From the line that has "Hewlett Packard HP" down to the last line of the data below, set down every line exactly, but none of the pictures.

■ Data excerpt

=-=-=

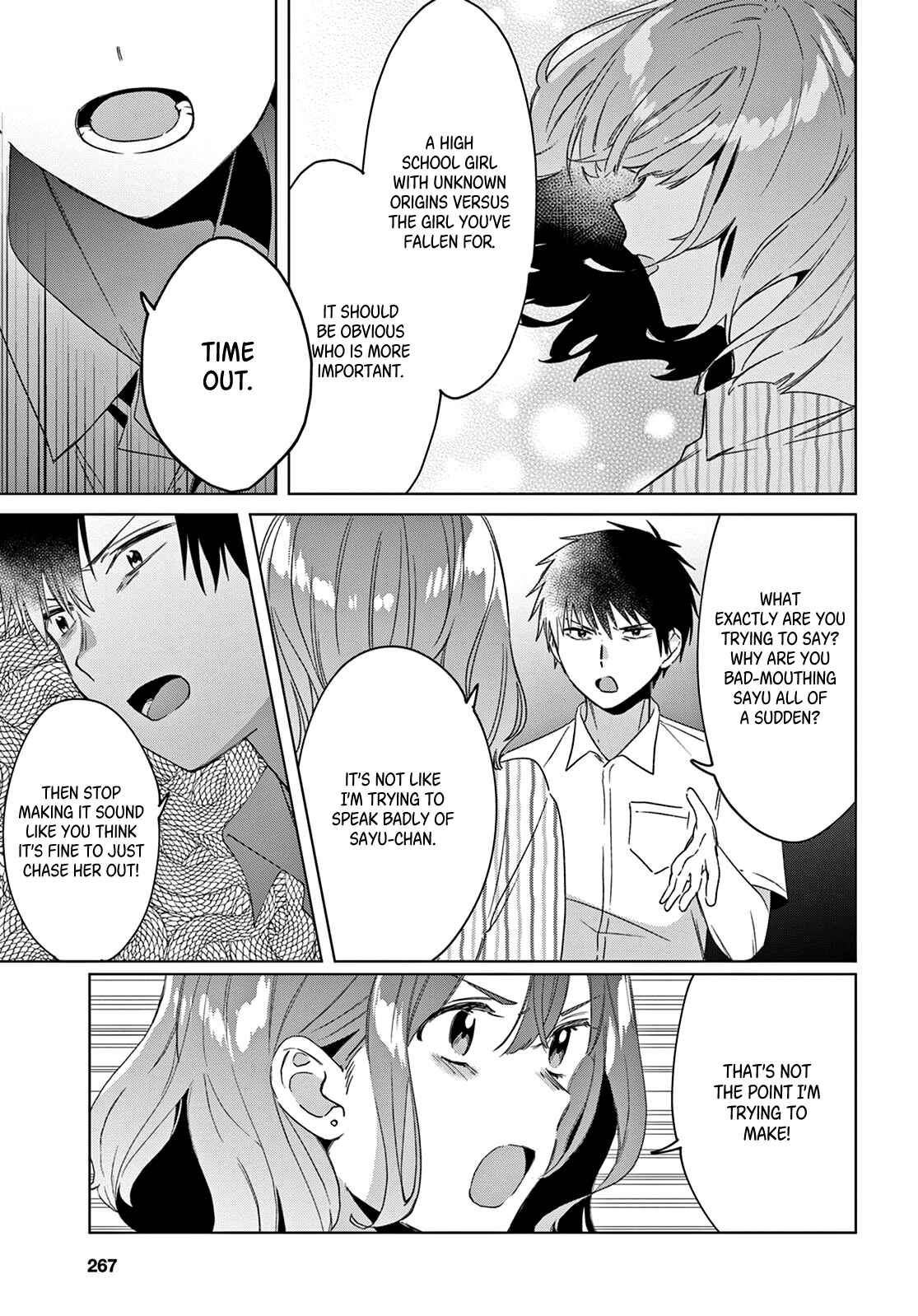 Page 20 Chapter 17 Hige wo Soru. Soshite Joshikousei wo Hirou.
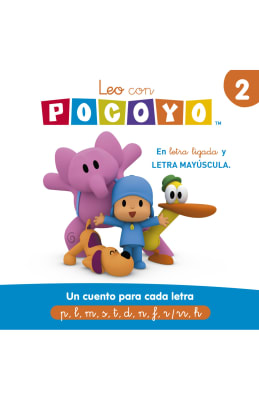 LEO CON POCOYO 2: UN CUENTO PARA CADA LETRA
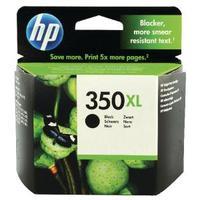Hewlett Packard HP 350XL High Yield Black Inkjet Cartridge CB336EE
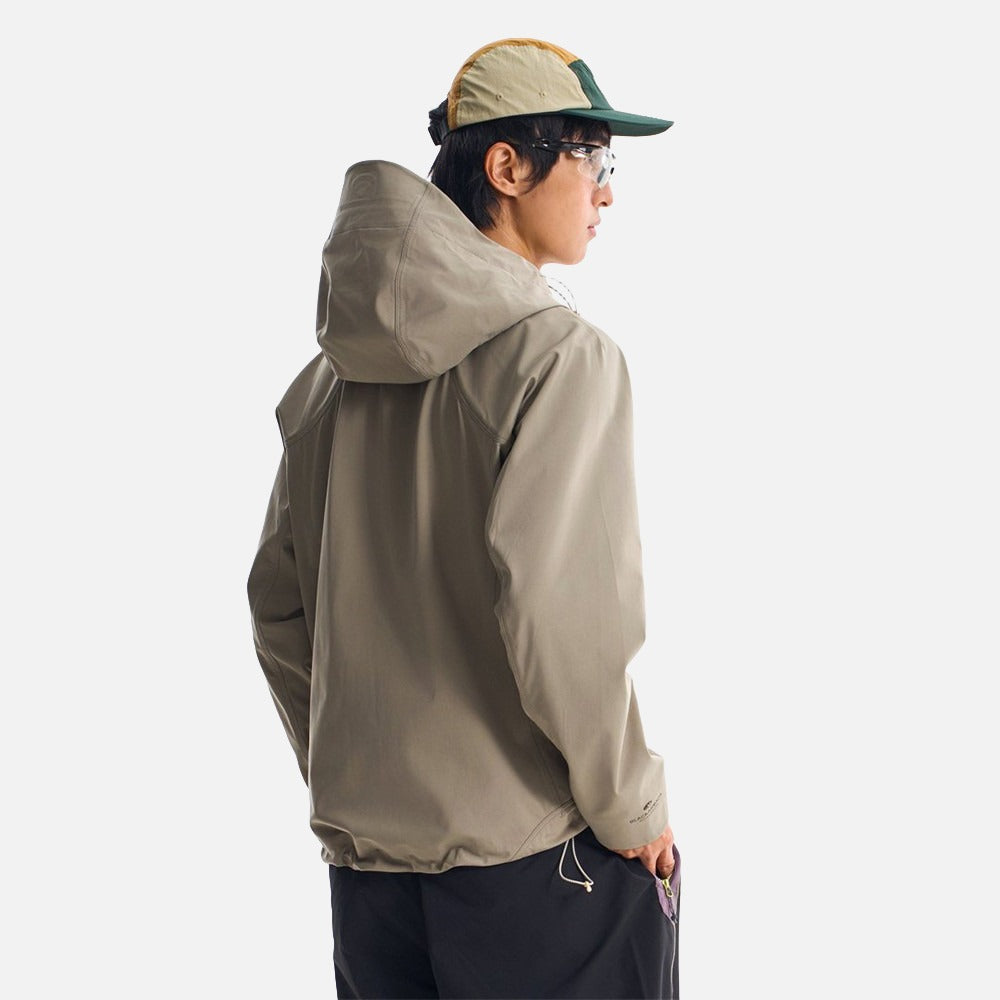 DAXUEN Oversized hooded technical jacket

=-=-=

■ Answer box
Hewlett Packard HP 350XL High Yield Black Inkjet Cartridge CB336EE
 DAXUEN Oversized hooded technical jacket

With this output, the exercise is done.